(Beginning of Supplied material)

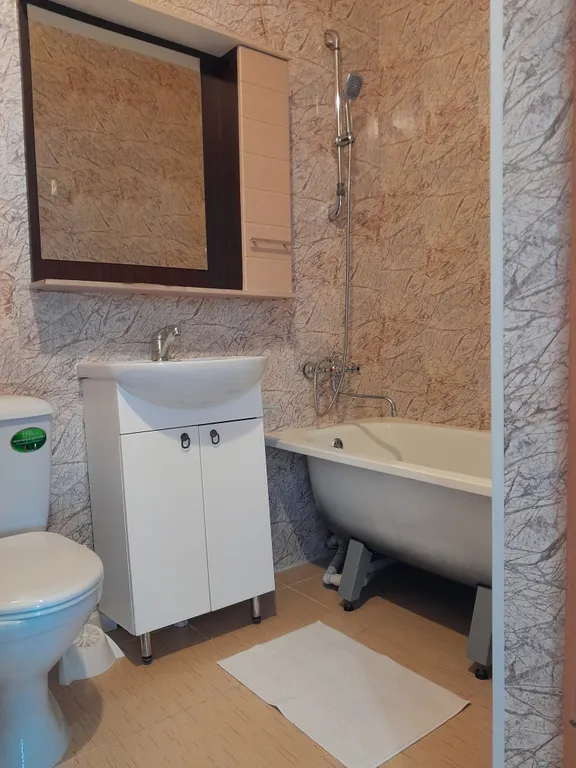 Двухкомнатная квартира в центре города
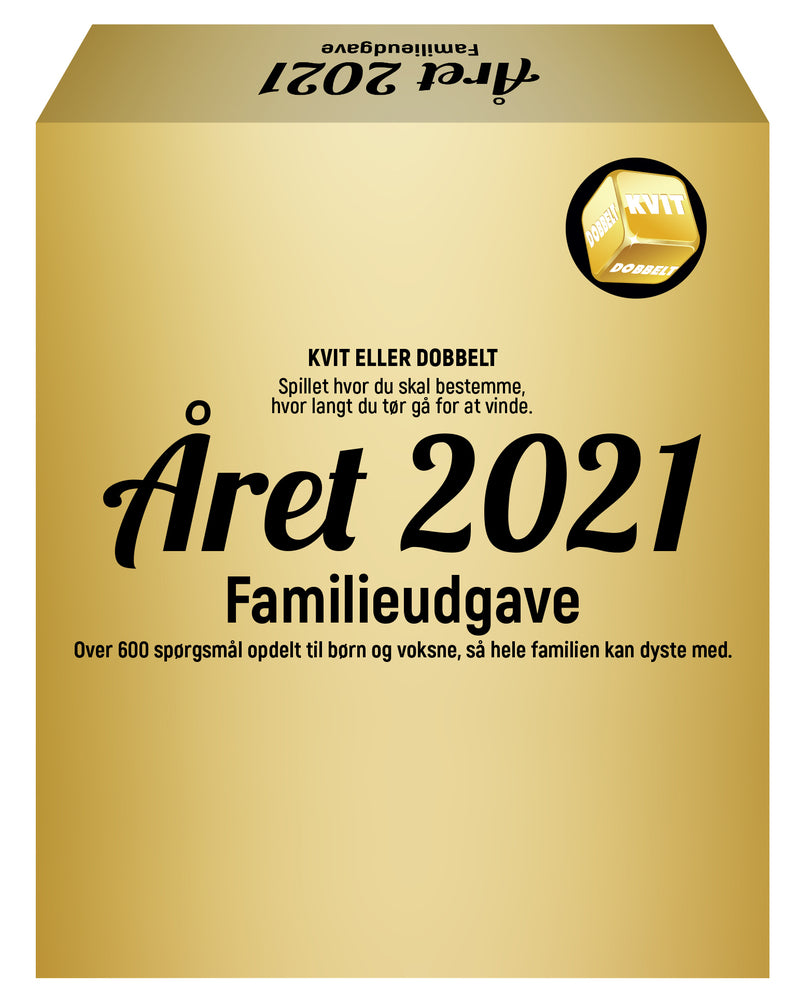 Året 2021 - Kvit eller dobbelt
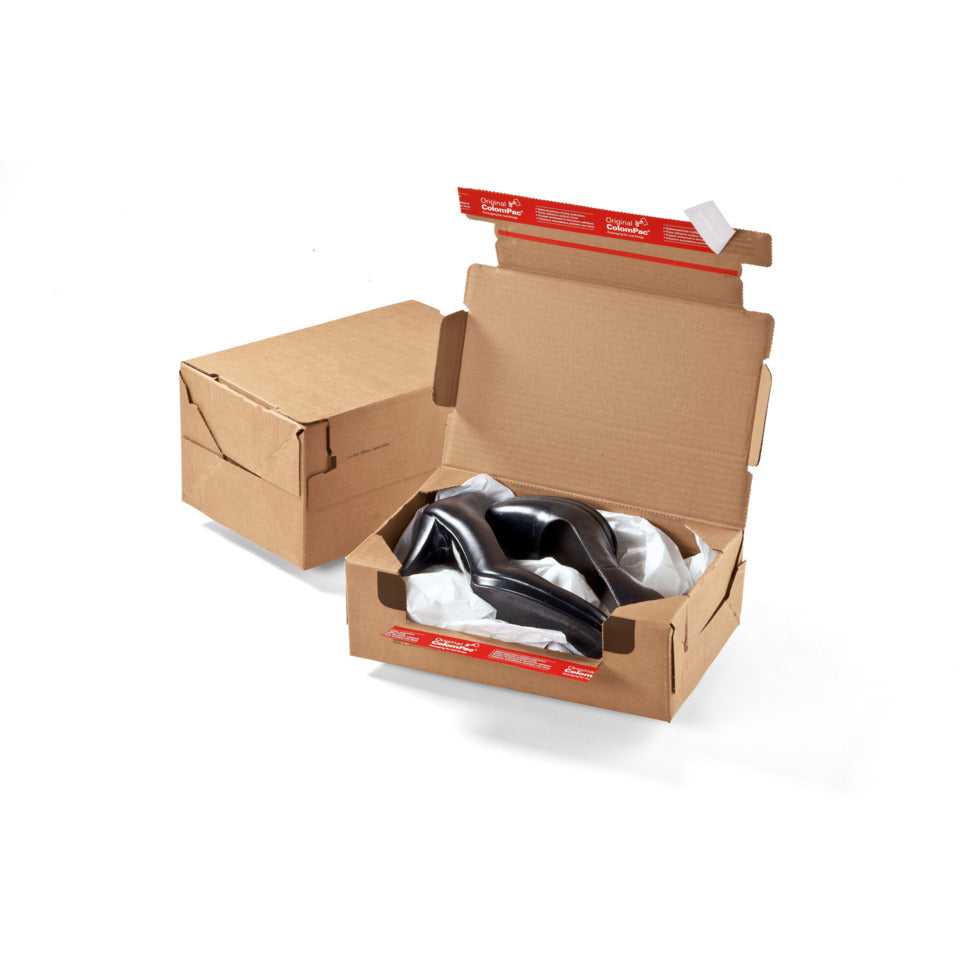 Versandkarton Return® Box L, 350x250x150mm, braun COLOMPAC 30000282 COLOMPAC 30000282 A4+350x250x150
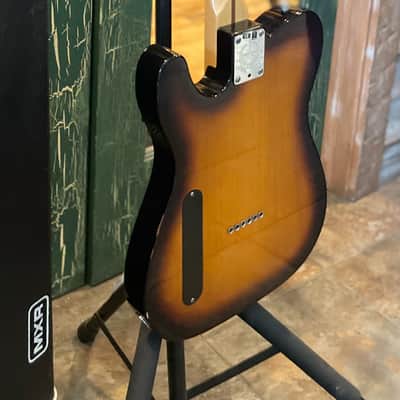 Fender Tele-Bration Cabronita Telecaster Electric Guitar 2 Tone Sunburst w/ Case image 16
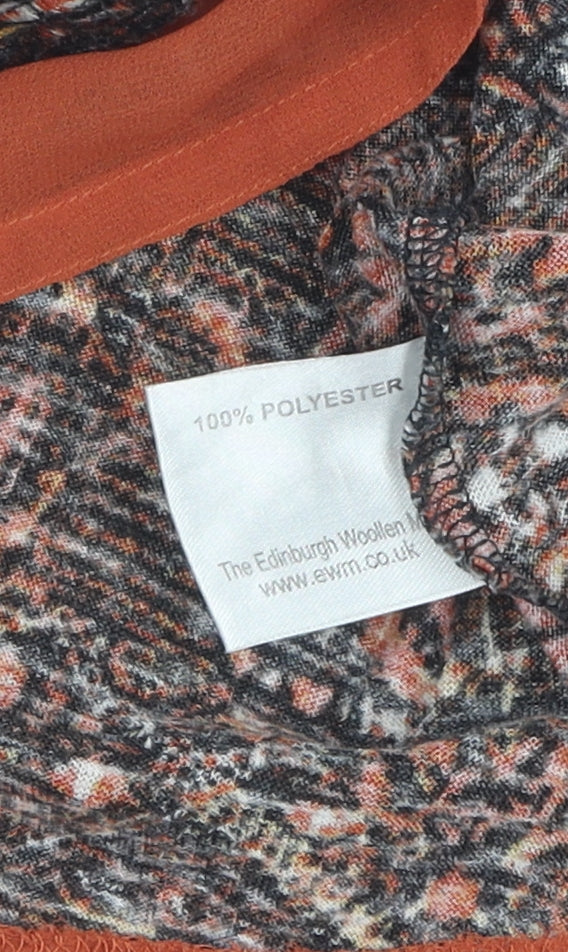 Isle Collection Women's Multicolour Geometric Jumper M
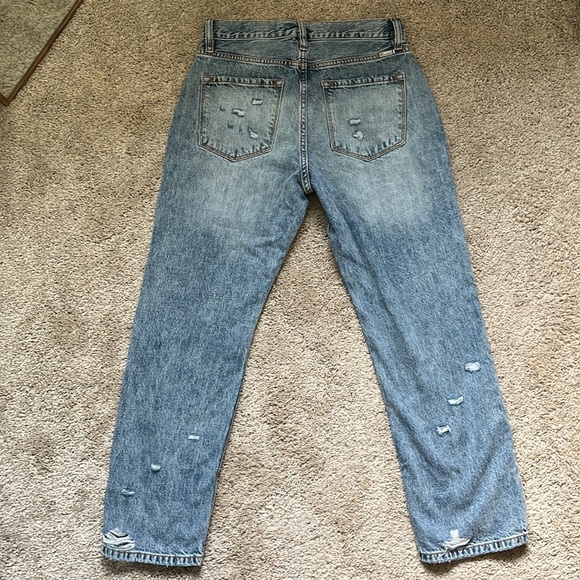5/26 Distressed KanCan Denim Jeans - Picture 3 of 5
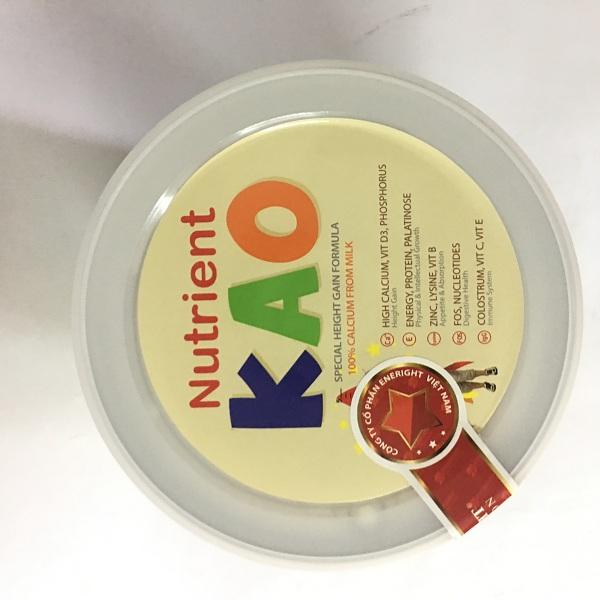 Sữa bột Nutrient KAO 700 gr : sữa tăng chiều cao cho trẻ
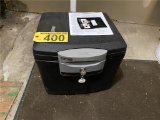 SENTRYSAFE KS4100 SAFE BOX W/KEY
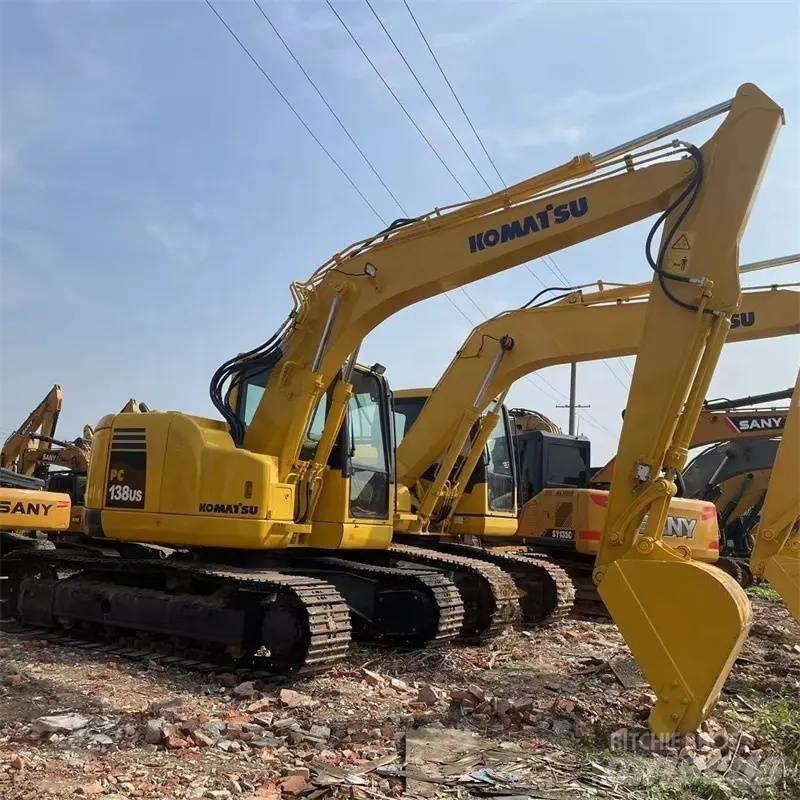 Komatsu PC 138 Crawler excavators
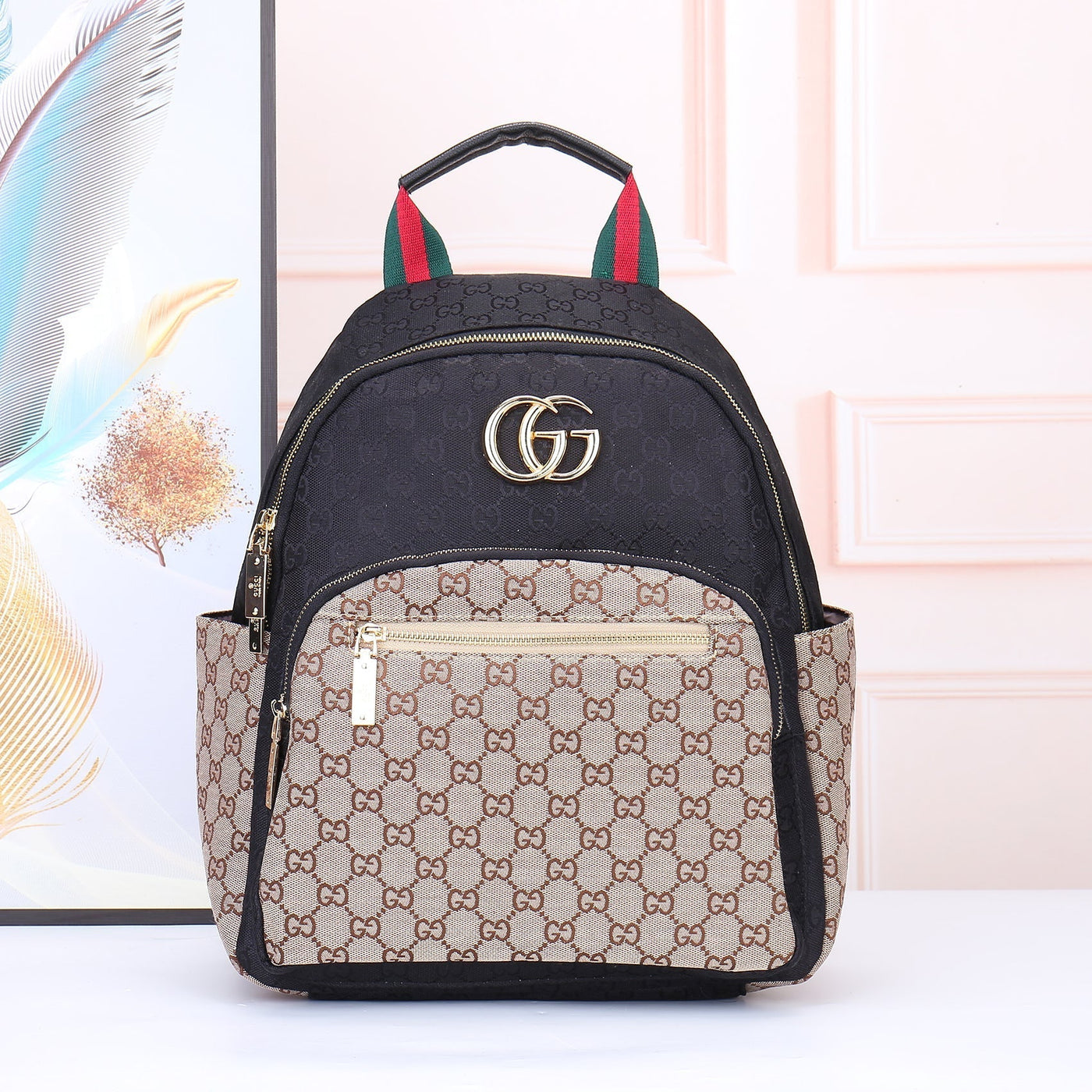 GUCCI GG Canvas Backpack Shoulder Bag - Product Image 3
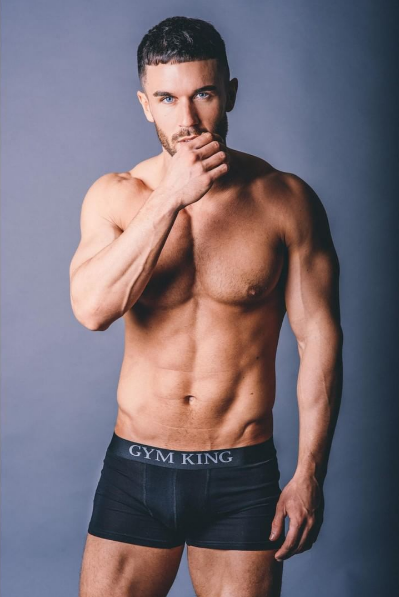 amazingmalenudity:  Alex Cannon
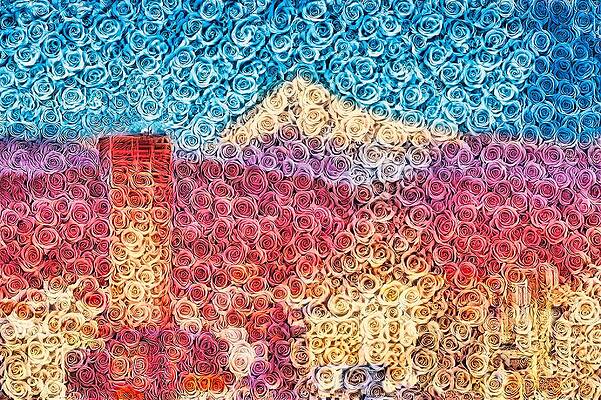 Oregon Photograph - Portland - Rose City by Bruce Block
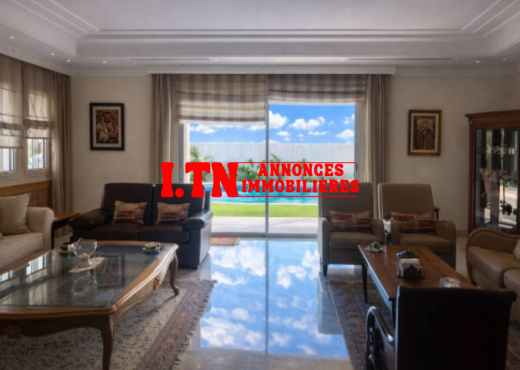 À VENDRE – Villa à Riadh Landalous
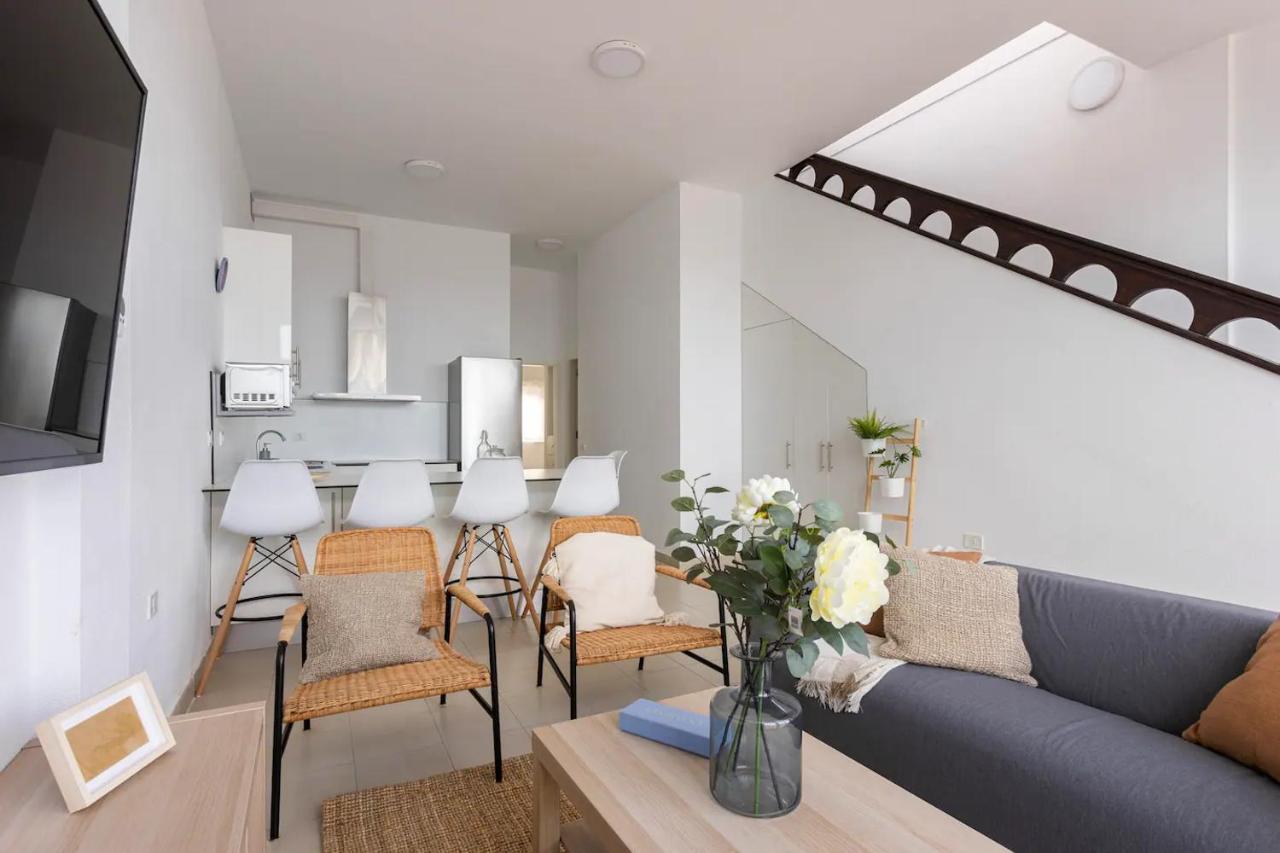 Duplex La Marea Apartment ปูแอร์ติโต เด กวีมาร์ ภายนอก รูปภาพ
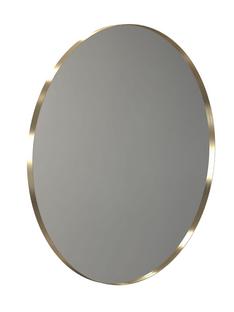 Unu Spiegel rund ø 100 cm|Gold gebürstet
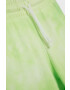 United Colors of Benetton pantaloni de bumbac pentru copii culoarea verde modelator - Pled.ro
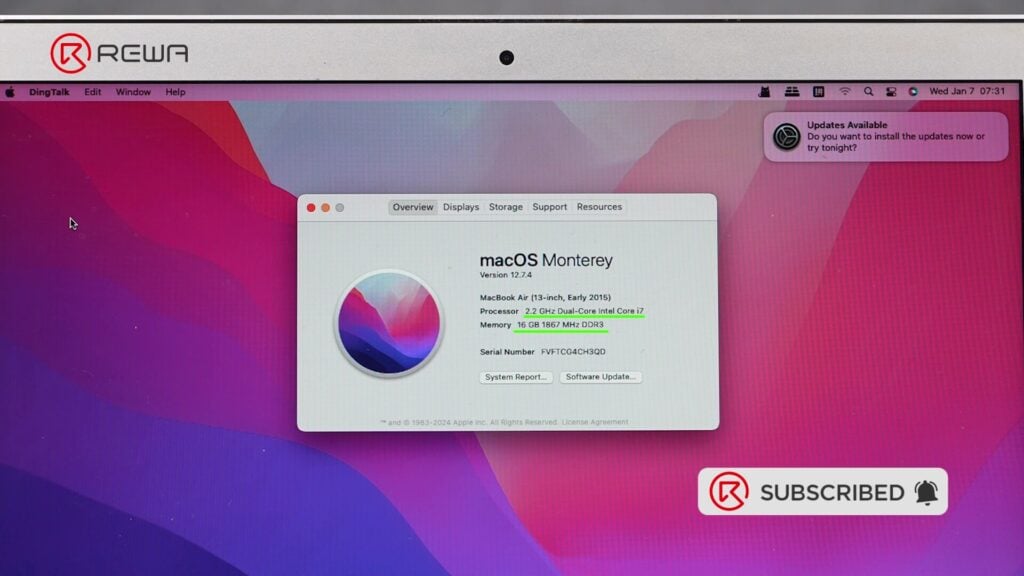 upgrade mac to 16gb ram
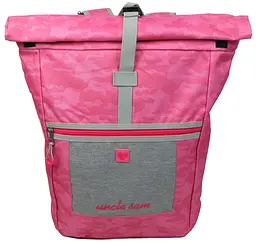 Жіночий рюкзак 22L Rolltop Uncle Sam 41х31х17 см sum0021305 - мініатюра 4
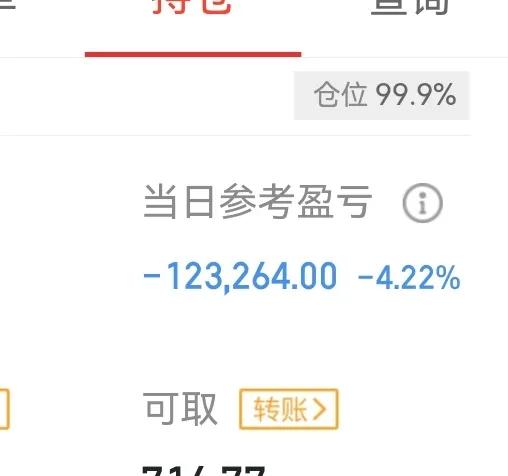 这下安逸了，总好过指数红彤彤，我的绿油油吧。伤敌八千，自损十万。[流泪]

指数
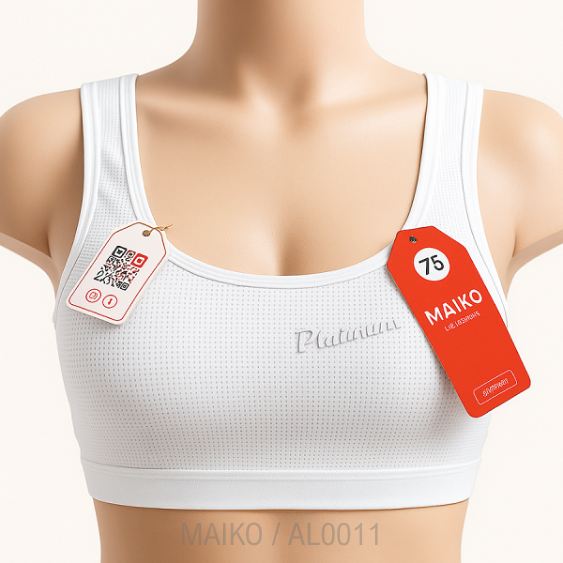 [ƯU ĐÃI] ÁO BRA TEEN COTTON BÉ GÁI AL0011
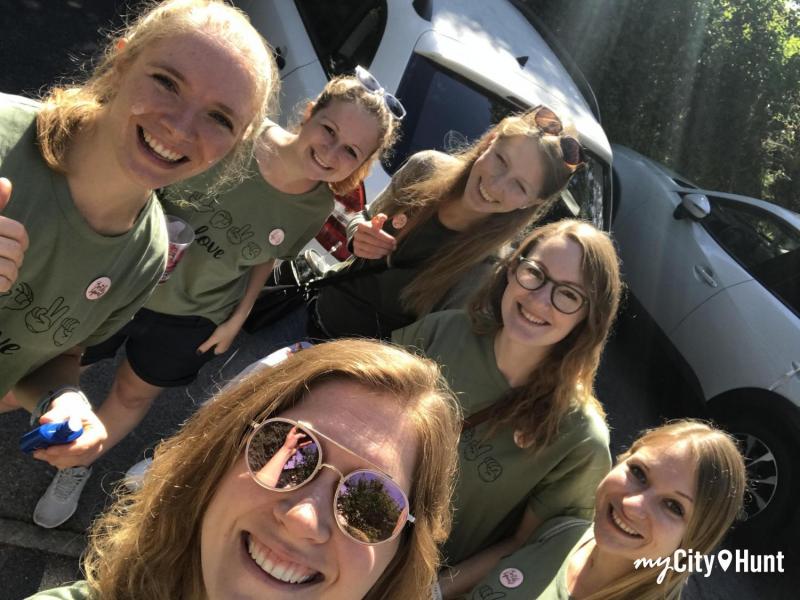 myCityHunt Scavenger Hunt 4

(End of Supplied material)

> **Work to complete**: The required result is an exact copy of the lines from the line containing "Komatsu PC 138 Crawler excavators" through the end of the entries, with every picture left out.

> **Result of this task**:
 Komatsu PC 138 Crawler excavators
 GUCCI GG Canvas Backpack Shoulder Bag - Product Image 3
 amazingmalenudity:  Alex Cannon
 Oregon Photograph - Portland - Rose City by Bruce Block
 À VENDRE – Villa à Riadh Landalous
 Duplex La Marea Apartment ปูแอร์ติโต เด กวีมาร์ ภายนอก รูปภาพ
 Unu Spiegel rund ø 100 cm|Gold gebürstet
 United Colors of Benetton pantaloni de bumbac pentru copii culoarea verde modelator - Pled.ro
 upgrade mac to 16gb ram
 Жіночий рюкзак 22L Rolltop Uncle Sam 41х31х17 см sum0021305 - мініатюра 4
 这下安逸了，总好过指数红彤彤，我的绿油油吧。伤敌八千，自损十万。[流泪]

指数
 [ƯU ĐÃI] ÁO BRA TEEN COTTON BÉ GÁI AL0011
 myCityHunt Scavenger Hunt 4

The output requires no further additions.